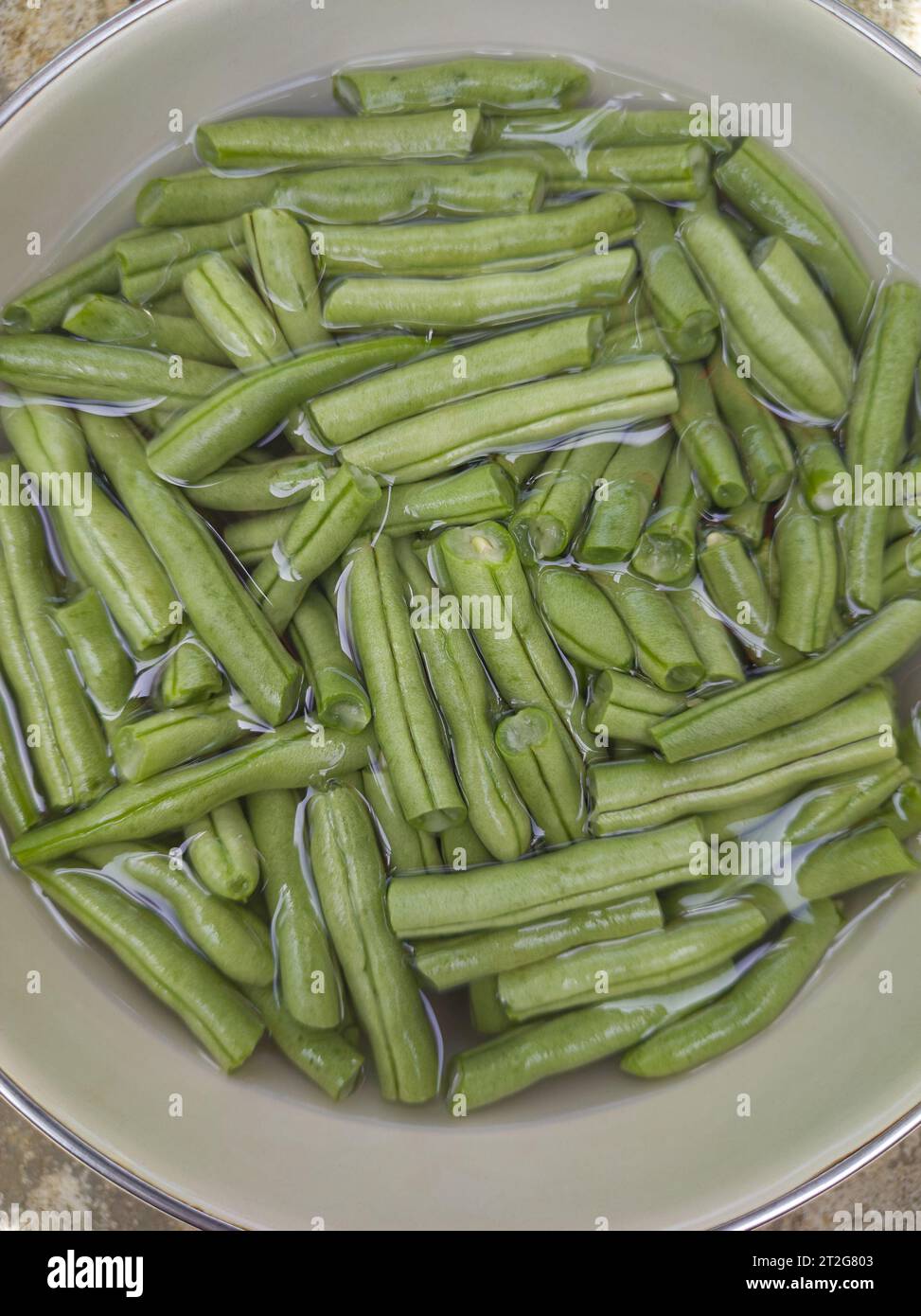 pulizia dei fagioli verdi tagliati con acqua, detti fagioli francesi o fagiolini o chiocciole, verdure preparate per la cottura in un recipiente, prelevate direttamente dall'alto Foto Stock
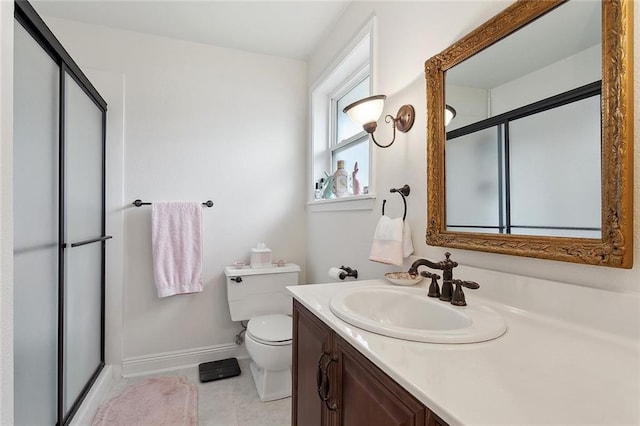 bathroom with a stall shower, baseboards, toilet, tile patterned floors, and vanity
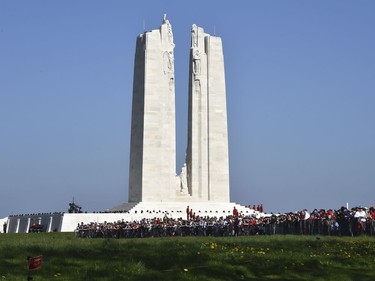 People attend attend the commemorations of the 100th anniversary of the Battle of Vimy Ridge, a World War I battle which was a costly victory for Canada but one that helped shape the former British colony's national identity, at the WWI Canadian National Vimy Memorial in Vimy, near Arras, northern France, Sunday, April 9, 2017.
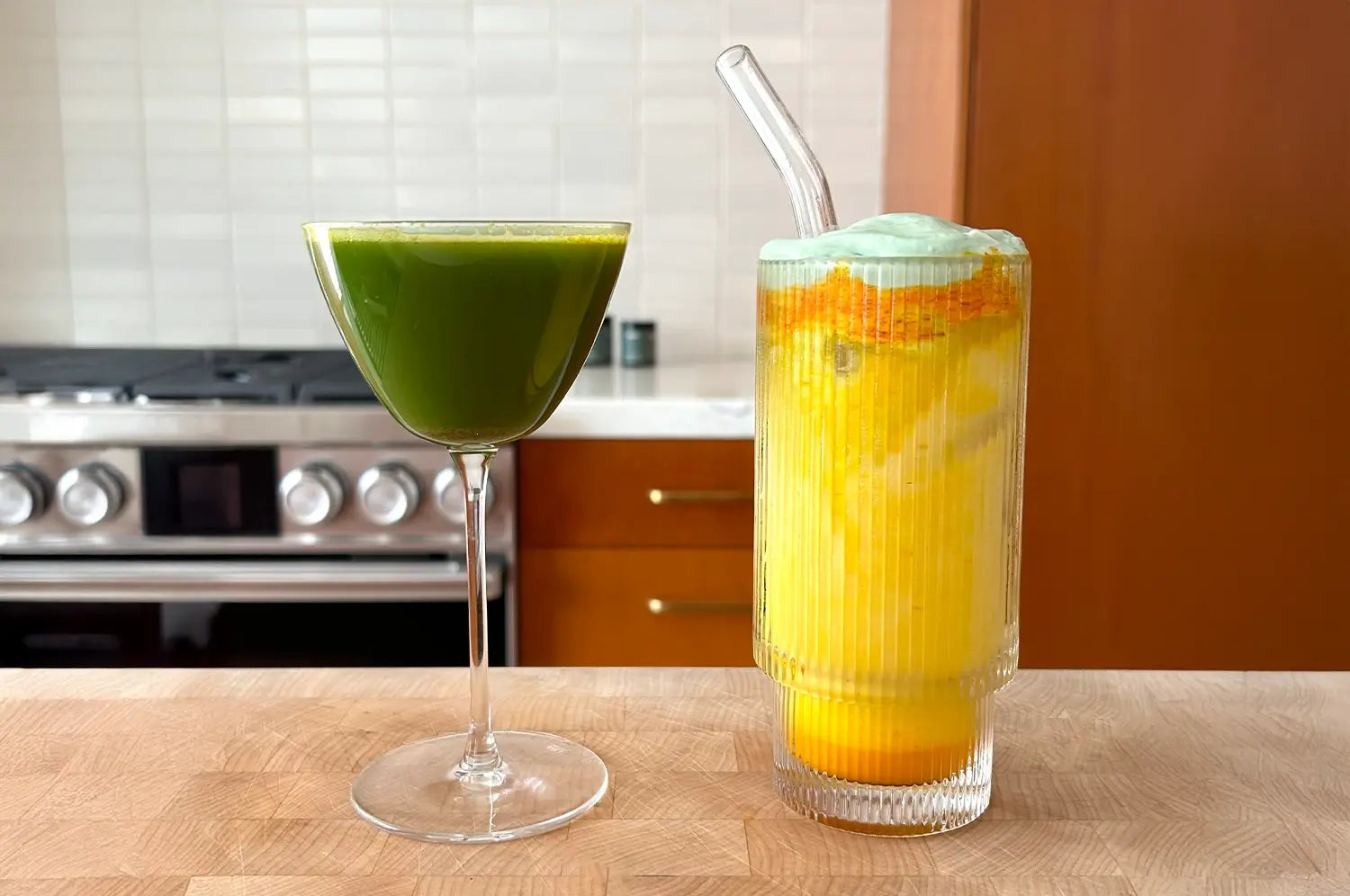 Saffron latte next to detox green drink in a glass 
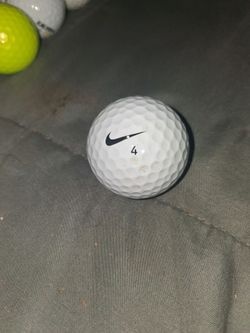 Over 100 golf balls some new some barely used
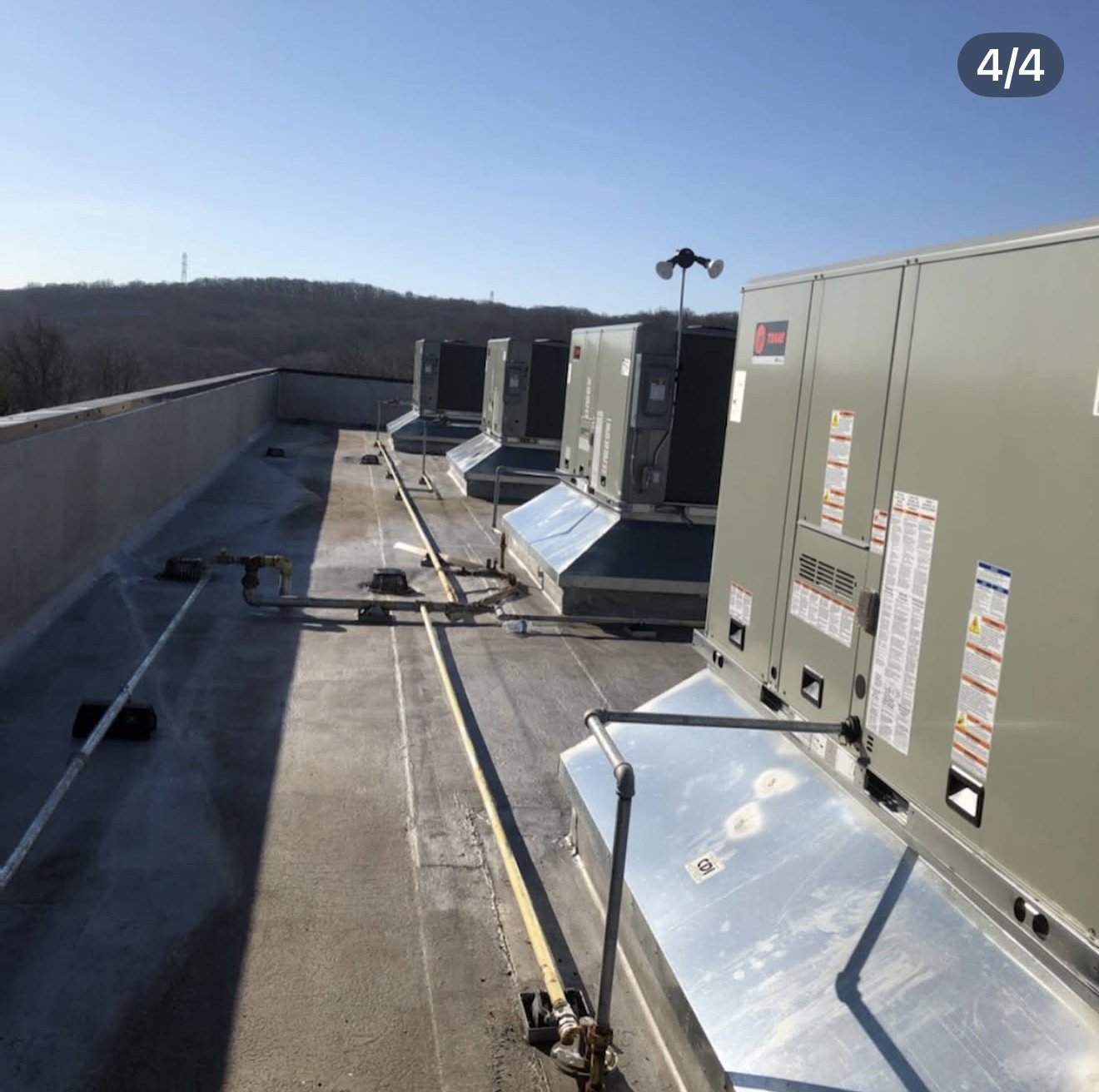 Row of rooftop HVAC units at The Meadow Wood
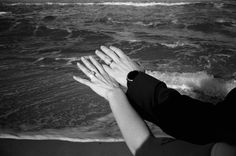 two hands reaching out towards the ocean on a sandy beach with waves crashing in to shore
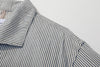 close up of unique swallow collar and neckline design on navy stripe jacket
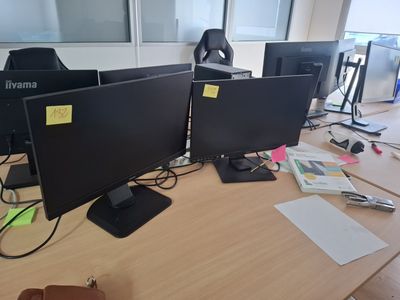 three computer monitors sitting on a desk next to each other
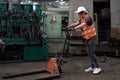 Factory worker with pallet jack Royalty Free Stock Photo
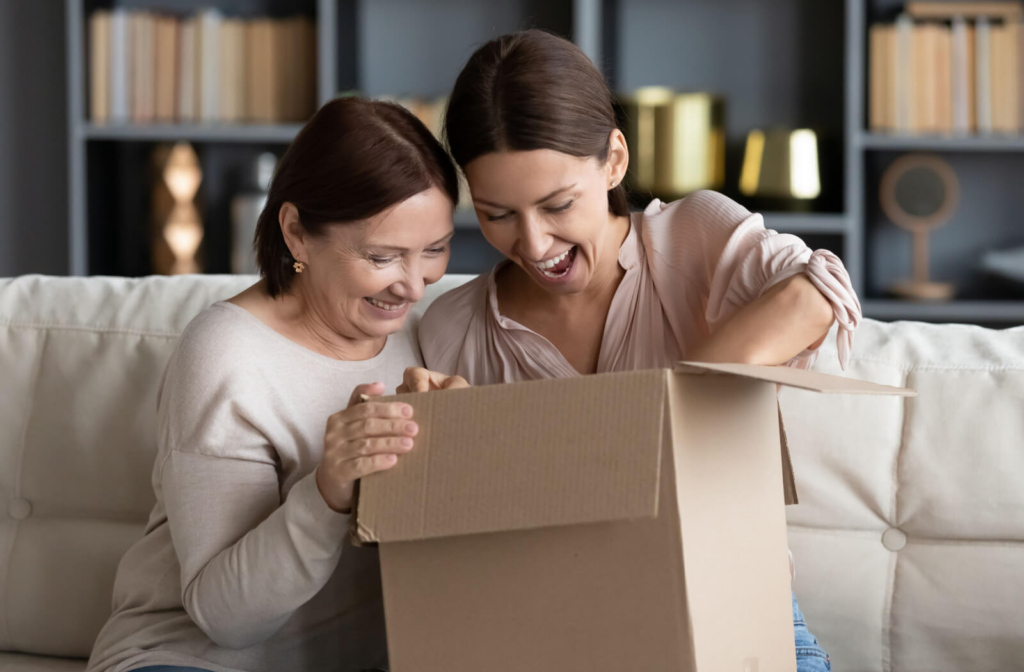 An adult child and their older parent reach into a box while sitting on the couch and laughing in a new home in assisted living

= = = = = = =

▶ _Action item_
Copy all the data exactly as written, but skip any picture.

▶ _Response for this exercise_
 pulizia dei fagioli verdi tagliati con acqua, detti fagioli francesi o fagiolini o chiocciole, verdure preparate per la cottura in un recipiente, prelevate direttamente dall'alto Foto Stock
 bathroom with a stall shower, baseboards, toilet, tile patterned floors, and vanity
 People attend attend the commemorations of the 100th anniversary of the Battle of Vimy Ridge, a World War I battle which was a costly victory for Canada but one that helped shape the former British colony's national identity, at the WWI Canadian National Vimy Memorial in Vimy, near Arras, northern France, Sunday, April 9, 2017.
 Saffron latte next to detox green drink in a glass 
 Over 100 golf balls some new some barely used
 Row of rooftop HVAC units at The Meadow Wood
 two hands reaching out towards the ocean on a sandy beach with waves crashing in to shore
 close up of unique swallow collar and neckline design on navy stripe jacket
 three computer monitors sitting on a desk next to each other
 Factory worker with pallet jack Royalty Free Stock Photo
 An adult child and their older parent reach into a box while sitting on the couch and laughing in a new home in assisted living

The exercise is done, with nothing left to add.